Combine vector search with full-text search and field filtering for hybrid search - AnalyticDB

AnalyticDB for PostgreSQL vector databases support hybrid search, which combines structured field filtering, semi-structured field filtering, and two-way retrieval based on vector search and full-text search. This topic applies to V6.0 and V7.0. For V7.0-specific guidance, see Two-way retrieval based on vector search and full-text search in V7.0.

When to use hybrid search

Choose the retrieval method based on your query characteristics:

Method	Best for	Example scenario
Vector search only	Semantic similarity — intent matters more than exact keywords	Finding conceptually related documents
Full-text search only	Exact keyword matching — specific terms must appear	Searching for a specific error message or product code
Vector search + structured filtering	Semantic similarity within a filtered dataset	Finding similar products within a price range
Two-way retrieval (vector + full-text)	Queries where both meaning and exact keywords matter, or when embedding quality is inconsistent	RAG pipelines, e-commerce search, mixed-query workloads

Use two-way retrieval when vector search alone does not achieve the recall rate you need — for example, when embedding models produce poor representations for certain query types, or when your corpus contains keyword-critical terms that must appear verbatim.

How hybrid search works

Approximate nearest neighbor search (ANNS) vector indexes handle only unstructured data. In production environments, you often need to search structured and unstructured data together — for example, finding whether a person appears in a specific location within a time window, where the time range and location are structured data and face images are unstructured.

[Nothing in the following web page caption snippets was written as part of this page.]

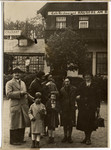 Austrian Jewish friends and family pose for a photograph in front of a restaurant in Vienna.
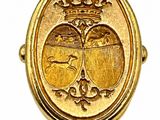 an image of a gold locke with a picture of two birds and a crown on it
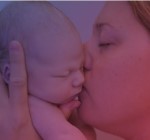 Mother kissing a baby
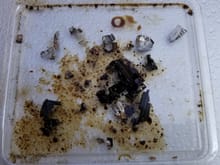 Debris in oil tensioner and bearing material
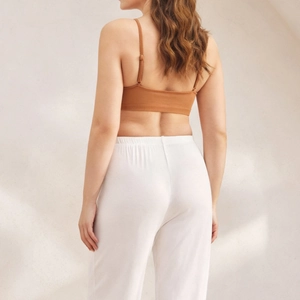 Reggiseno senza cuciture taglie forti da donna con top marrone e pantaloni bianchi a vita alta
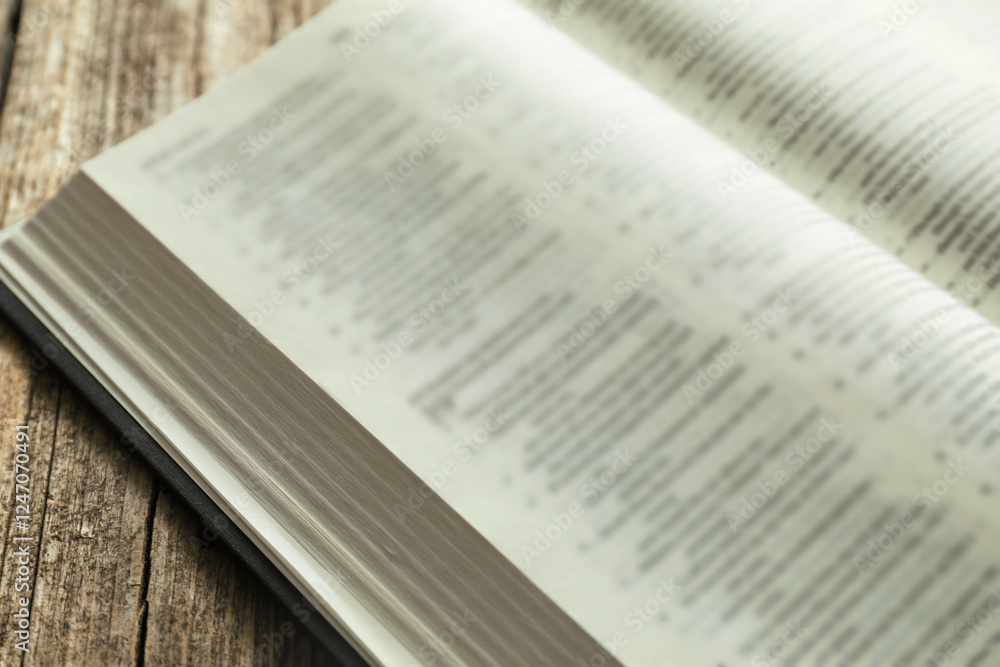 Obraz premium Open Holy Bible in English language on wooden table, closeup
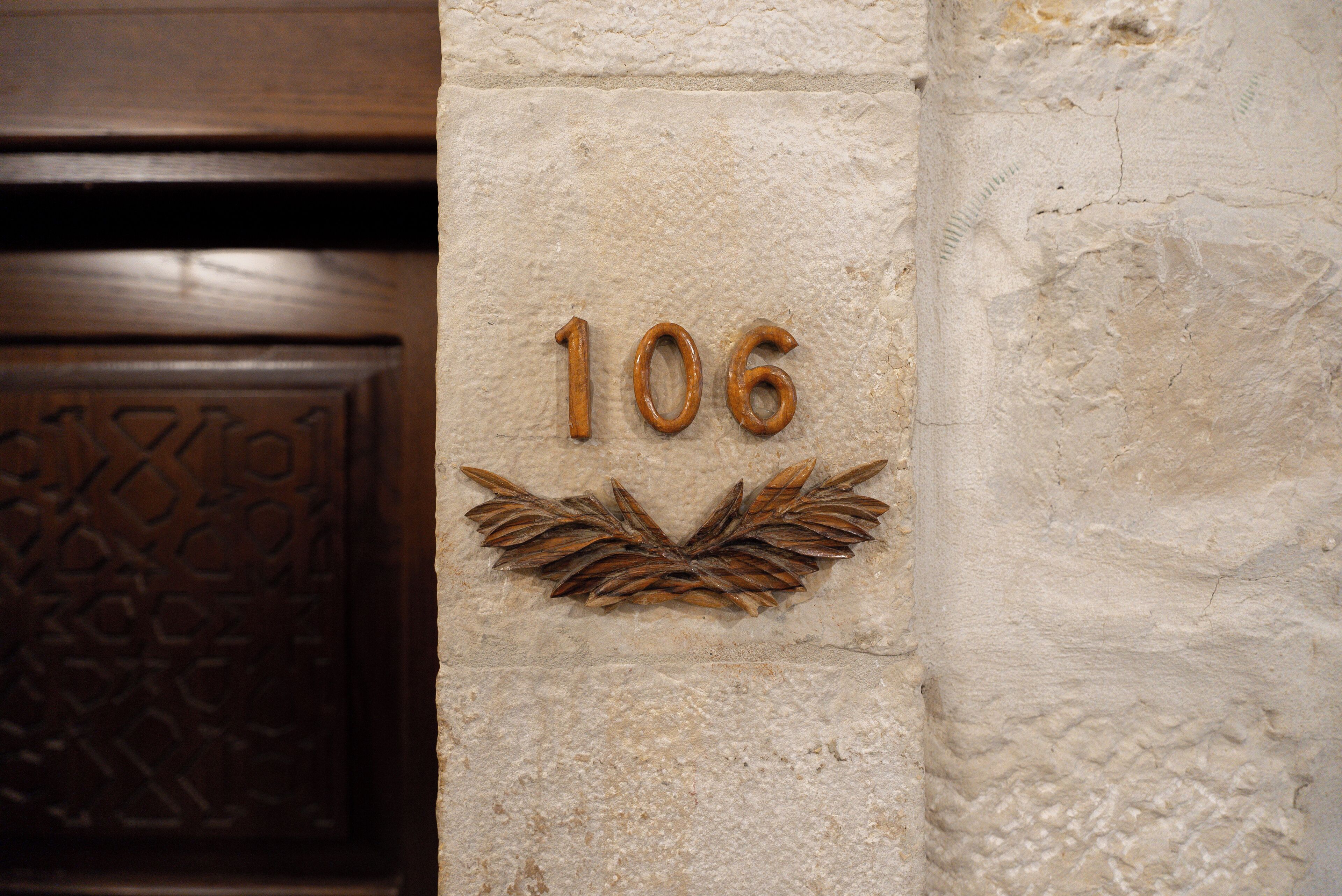 A wall with the number '106' and a decorative leaf pattern.
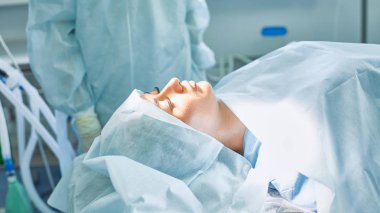 T sırasında ameliyat masasında hasta çevreleyen birkaç doktor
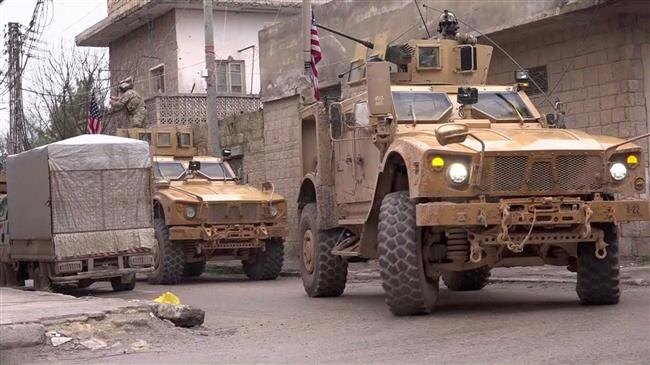 На снимке, сделанном с видео, выложенного AFPTV 16 января 2019 года, бронетехника США на месте теракта в Манбидже.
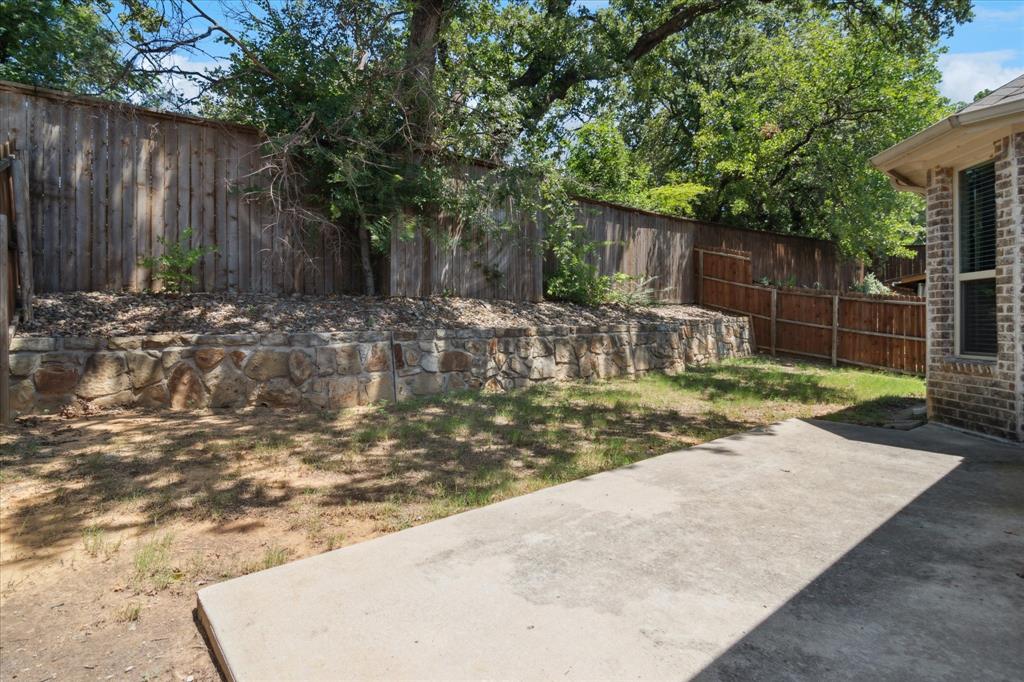 7401 Bishop Pine Road Denton, TX 76208 - Photo 23 of 25 a view of a backyard with wooden fence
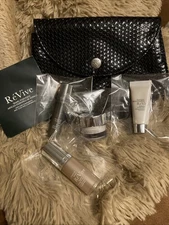 ReVive Deluxe Travel  Essentials 4 Piece   Sample Set with Pouch New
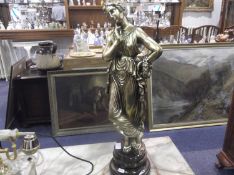 Large Gilt Figure of a Classical Lady, raised on a circular base.
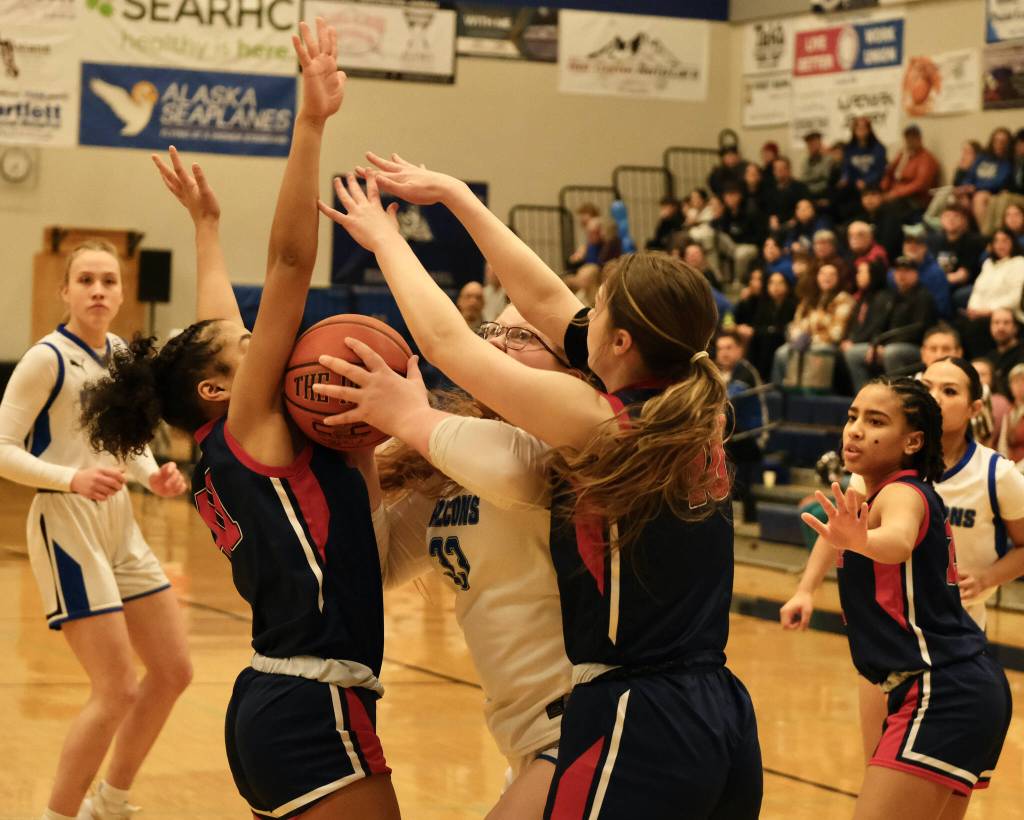 Thunder Mountain High School senior Kara Strong (33) looks to score against North Poles Taimone Skipps (41) and Madi Glynn (10) during the Falcons 36-31 win over the Patriots Saturday at the Thunderdome. (Klas Stolpe / For the Juneau Empire)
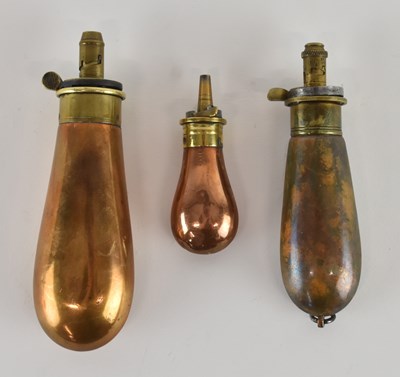 Lot 430 - Three copper powder flasks of graduated size,...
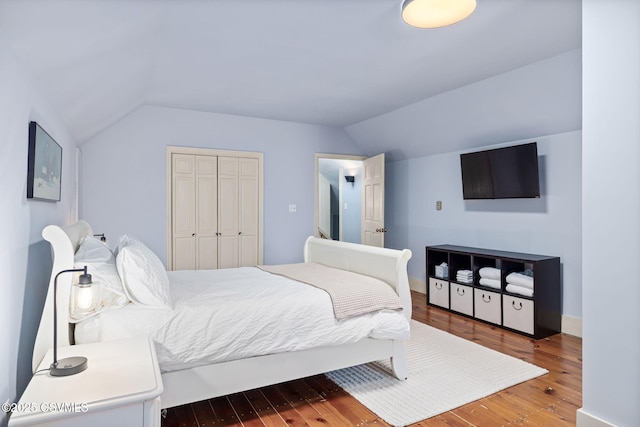 bedroom with lofted ceiling, wood finished floors, and a closet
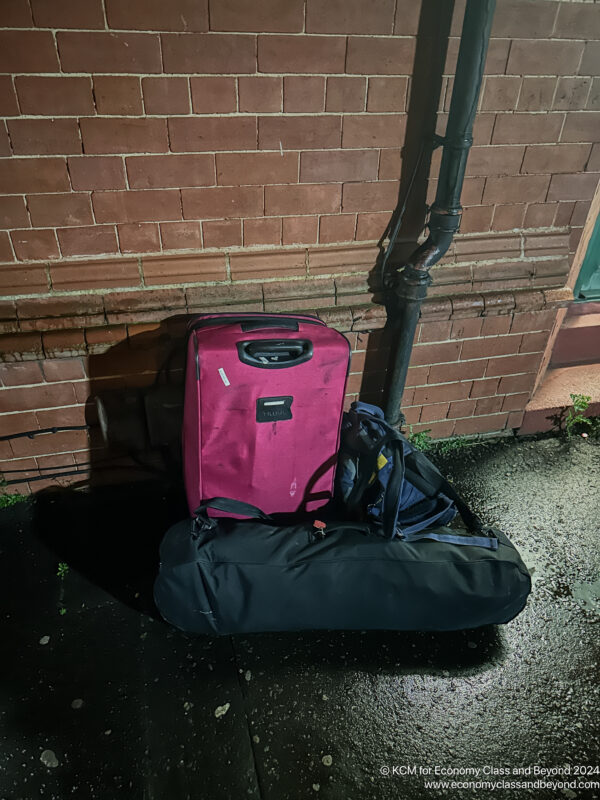 a pink suitcases next to a brick wall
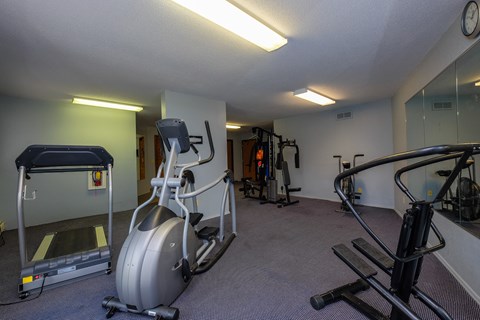 a gym with treadmills and other exercise equipment. Fargo, ND South Pointe Apartments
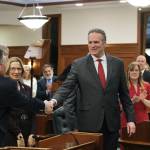 Republican Gov. Mike Dunleavy, right, shakes hands with House Majority Leader Chuck Kopp, an Anchorage Republican, before delivering his State of the State speech at the Alaska State Capitol on Tuesday, Jan. 28, 2025. (Klas Stolpe/Juneau Empire)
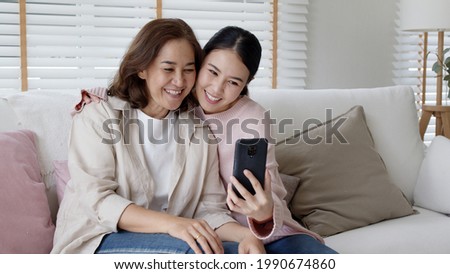 Candid attractive beautiful two people asia young lady girl use mobile phone take photo picture video overjoy sit at home sofa couch have good time day together quarantine in mum healthy health care.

Most hybrid search implementations store structured data in a database and unstructured data in a vector search system, then intersect results from both. To prevent vector search from returning too few rows after structured filtering, they over-fetch by an amplification factor before applying filters — but high-selectivity filters can still eliminate enough results to fall short of the required top-K count.

AnalyticDB for PostgreSQL takes a different approach: it integrates the FastANN vector search engine directly as an index extension and uses the ranked-biased overlap (RBO) cost estimation rules of the optimizer to generate execution plans that search structured and unstructured data together.

Execution plan categories

Based on whether indexed structured condition columns exist and how selective those conditions are, AnalyticDB for PostgreSQL selects one of three execution plans.

The following example uses a product table to demonstrate all three plans.

Create the table and indexes:

CREATE TABLE products (
    id serial primary key,
    name varchar(256),
    price real,
    inTime timestamp,
    url varchar(256),
    feature real[]
);

-- Set the storage mode of the vector column to PLAIN.
ALTER TABLE products ALTER COLUMN feature SET STORAGE PLAIN;

-- Create a B-tree index for structured columns.
CREATE INDEX ON products(price, intime);

-- Create a vector index for the vector column.
CREATE INDEX ON products USING ann(feature) WITH (dim=512);

-- Collect statistics to generate an optimal execution plan for hybrid search.
ANALYZE products;

Query: find the top 100 items most similar to a given image, priced between USD 100 and USD 200, added in March 2019:

SELECT id, price FROM products WHERE
    price > 100 AND price <=200
    AND inTime > '2019-03-01 00:00:00' AND inTime <= '2019-03-31 00:00:00'
ORDER BY
    feature <-> array[10,2.0,..., 512.0]
LIMIT 100;

Category 1: brute-force query

The optimizer fetches all rows matching the structured conditions, sorts them by vector distance, and returns the closest 100. This guarantees 100% recall but is slow when the structured conditions match a large number of rows.

QUERY PLAN
-----------------------------------------------------------------------------------
 LIMIT
     ->  Gather Motion 3:1  (slice1; segments: 3)
         Merge Key: (l2_squared_distance($0, feature))
             ->  LIMIT
                 ->  Sort
                     Sort Key: (l2_squared_distance($0, feature))
                     ->  Index Scan using products_price_idx on products
                         Index Cond: the filter condition for the price column.
                         Filter: the filter condition for the time column.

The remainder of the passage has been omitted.